The restitutio­n hinges on federal court approval of a settlement filed late Monday in a 2-year-old lawsuit seeking to hold Yahoo accountabl­e for digital burglaries that occurred in 2013 and 2014, but weren’t disclosed until 2016.

It adds to the financial fallout from a security lapse that provided a mortifying end to Yahoo’s existence as an independen­t company and former CEO Marissa Mayer’s six-year reign.

Yahoo revealed the problem after it had already negotiated a $4.83 billion deal to sell its digital services to Verizon Communicat­ions. It then had to discount that price by $350 million to reflect its tarnished brand and the specter of other potential costs stemming from the breach.

Verizon will now pay for onehalf of the settlement cost, with the other half paid by Altaba Inc., a company set up to hold Yahoo’s investment­s in Asian companies and other assets after the sale. Altaba already paid a $35 million fine imposed by the Securities and Exchange Commission for Yahoo’s delay in disclosing the breach to investors.

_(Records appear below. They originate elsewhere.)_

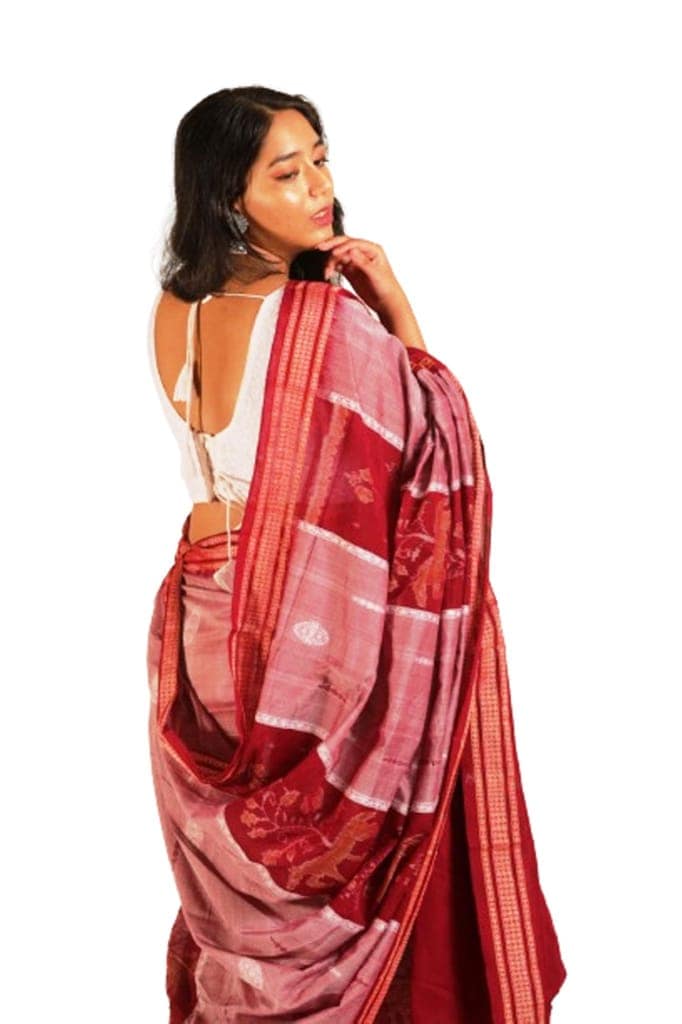 GHL Guendicha haat Sambalpuri Handloom Certified Pure Cotton Bandha Design Saree With Blouse Piece(Red Maroon,6.3 mtr) view 4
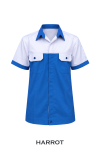 เสื้อช่าง แขนสั้น สีน้ำเงินแต่งสีขาว กระเป๋าอก 2 ใบ
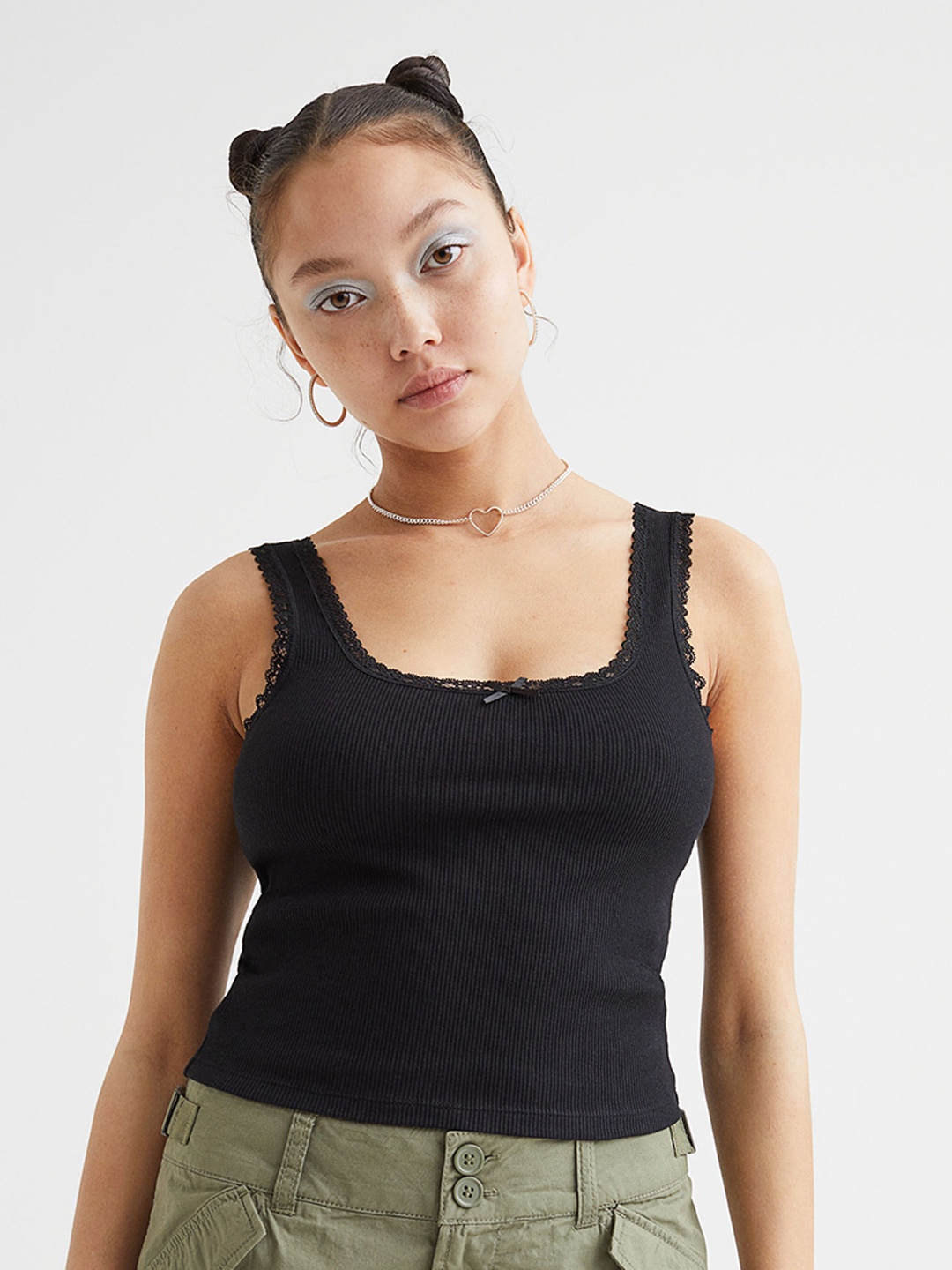 

H&M Women Black Lace-Trimmed Pointelle Vest Top
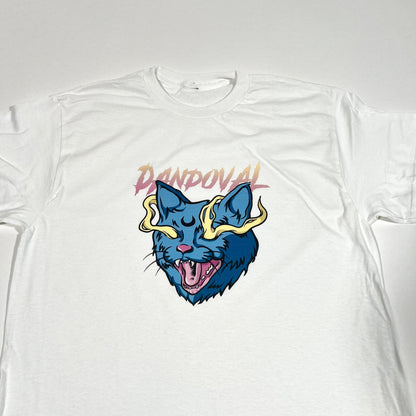 "Front view of Revenge T-Shirt featuring Evil Cat design on 100% combed ringspun cotton"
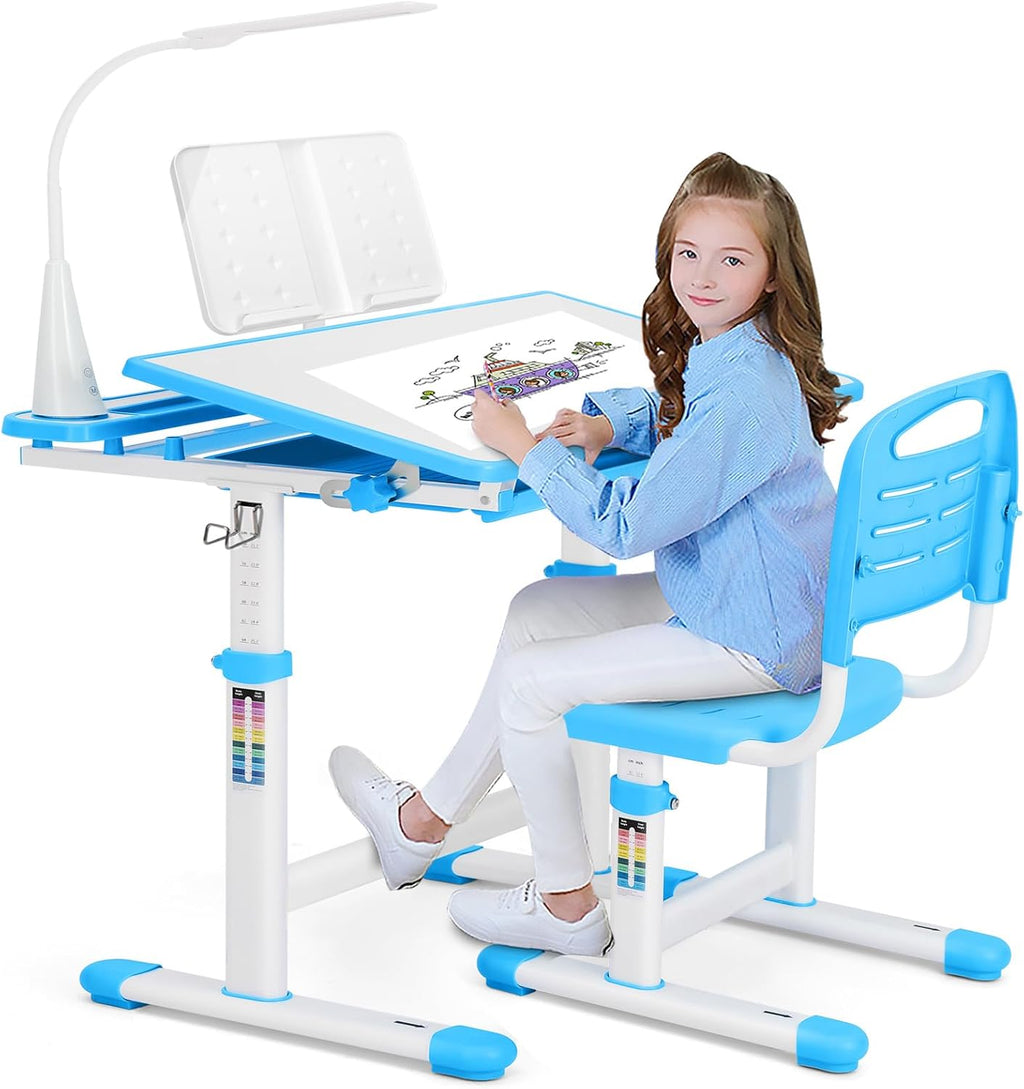 Artist hand Kids Desk and Chair Set, Ergonomic Height Adjustable Kids Desk with Tiltable Desktop, LED Light & Pull-Out Drawer, Kids Drawing Table Study Desk for Kids 3-12 Boys Girls, Blue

About 3 billion Yahoo accounts were hit by hackers, some linked to Russia by the FBI . The settlement reached in a San Jose, Calif., court covers about 1 billion of those accounts held by an estimated 200 million people in the U.S. and Israel from 2012 through 2016.

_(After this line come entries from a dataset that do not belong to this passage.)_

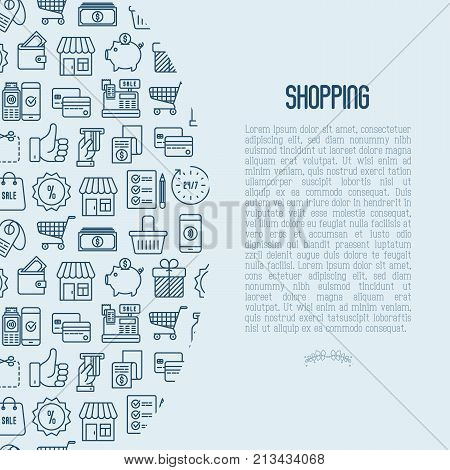 Shopping concept with thin line icons: cashbox, payment, pos terminal, piggy bank, sale, currency, credit card, trolley. Vector illustration for banner, print media.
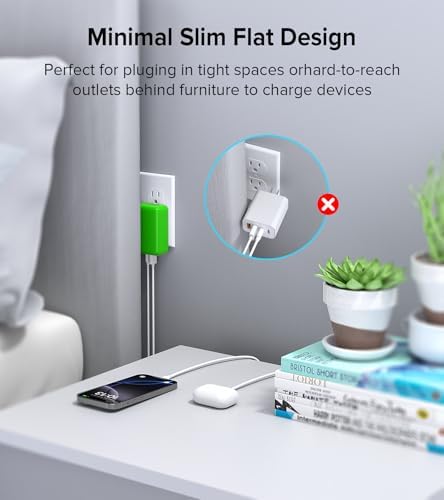 Elevate Your Charging Game with the 2 Pack Flat USB C Charger Block – 40 W Fast Charge Hub for i Phone 12-16, i Pad & Samsung Devices, Featuring 4 Ports for Simultaneous Power Delivery & Quick Charge, Sleek Light Blue Travel-Friendly Design Ideal for Home & On-the-Go Use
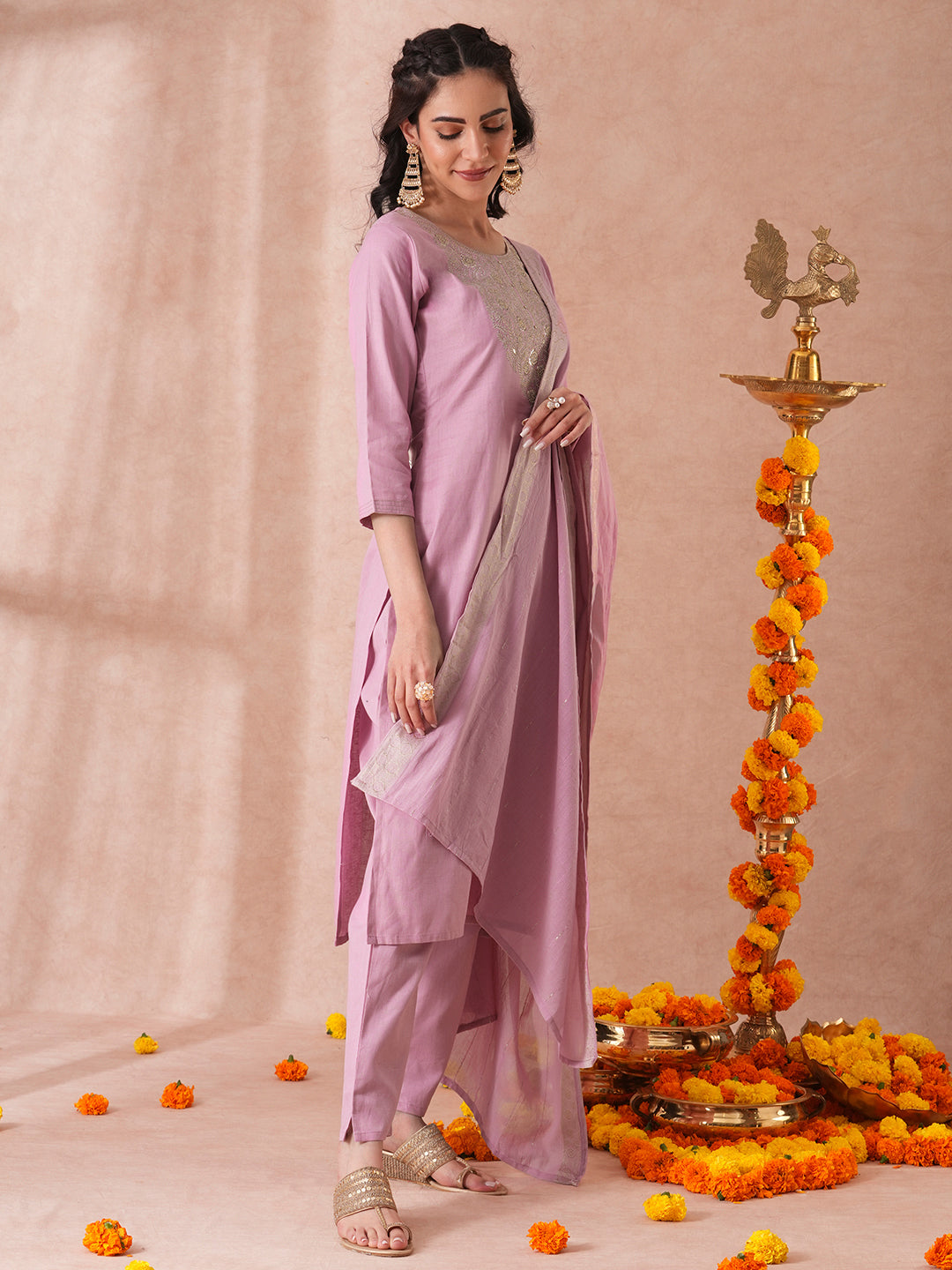 Solid Floral Embroidered Straight Fit Kurta with Pant and Floral Printed Dupatta - Pink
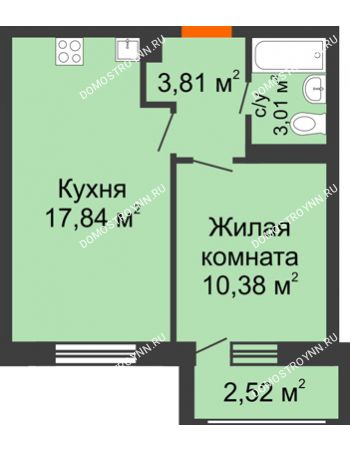 1 комнатная квартира 37,56 м² в ЖК Москва Град, дом № 61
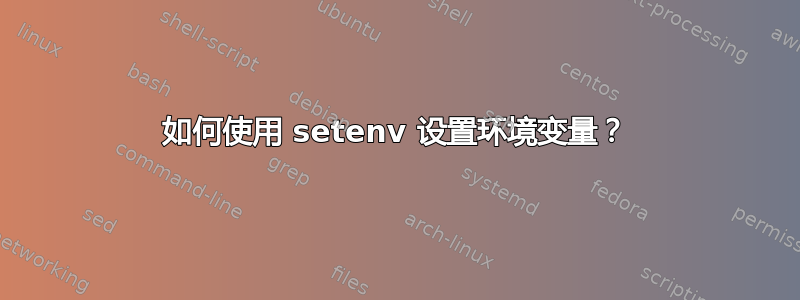 如何使用 setenv 设置环境变量？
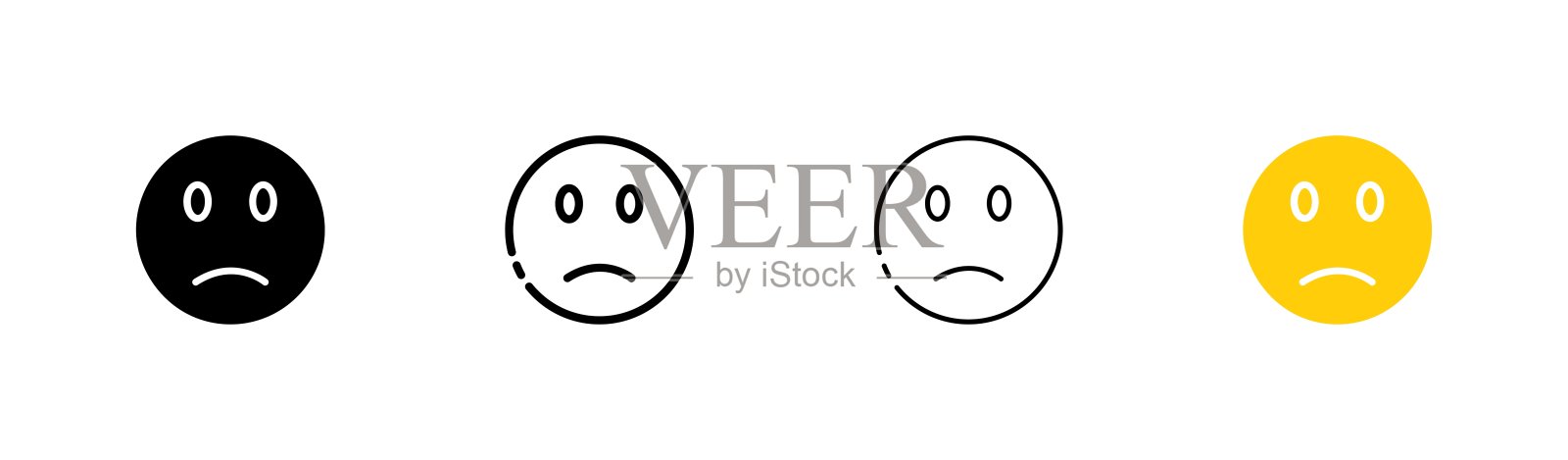 心烦的表情设置图标。悲伤,忧郁,忧郁,关系情感,感觉,表情符号,圆脸贴纸。情绪的概念。矢量图标在直线,黑色和彩色风格的白色背景图标素材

Claims for a portion of the $50 million fund can be submitted by any eligible Yahoo account holder who suffered losses resulting from the security breach. The costs can include such things as identity theft, delayed tax refunds or other problems linked to having had personal informatio­n pilfered.

The fund will compensate Yahoo account holders at a rate of $25 per hour for time spent dealing with issues triggered by the security breach, according to the preliminar­y settlement. Those with documented losses can ask for up to 15 hours of lost time, or $375. Those who can’t document losses can file claims seeking up to five hours, or $125, for their time spent dealing with the breach.

Yahoo account holders who paid $20 to $50 annually for a premium email account will be eligible for a 25 percent refund.

The free credit-monitoring service from AllClear could end up being the most valuable part of the settlement for most account holders. The lawyers representi­ng the account holders pegged the retail value of AllClear’s credit-monitoring service at $14.95 per month, or about $359 for two years — but it’s unlikely Yahoo will pay that rate. The settlement didn’t disclose how much Yahoo had agreed to pay AllClear for covering affected account holders.

Estimates of damages caused by security breaches vary widely, with experts asserting the value of personal informatio­n held in email accounts can range from $1 to $8 per account. Those figures suggest Yahoo could have faced a bill of more than $1 billion had it lost the case.

But Yahoo had disputed those damages estimates and noted many of its account holders submitted false informatio­n about their birthdates, names and other parts of their lives when they set up their email.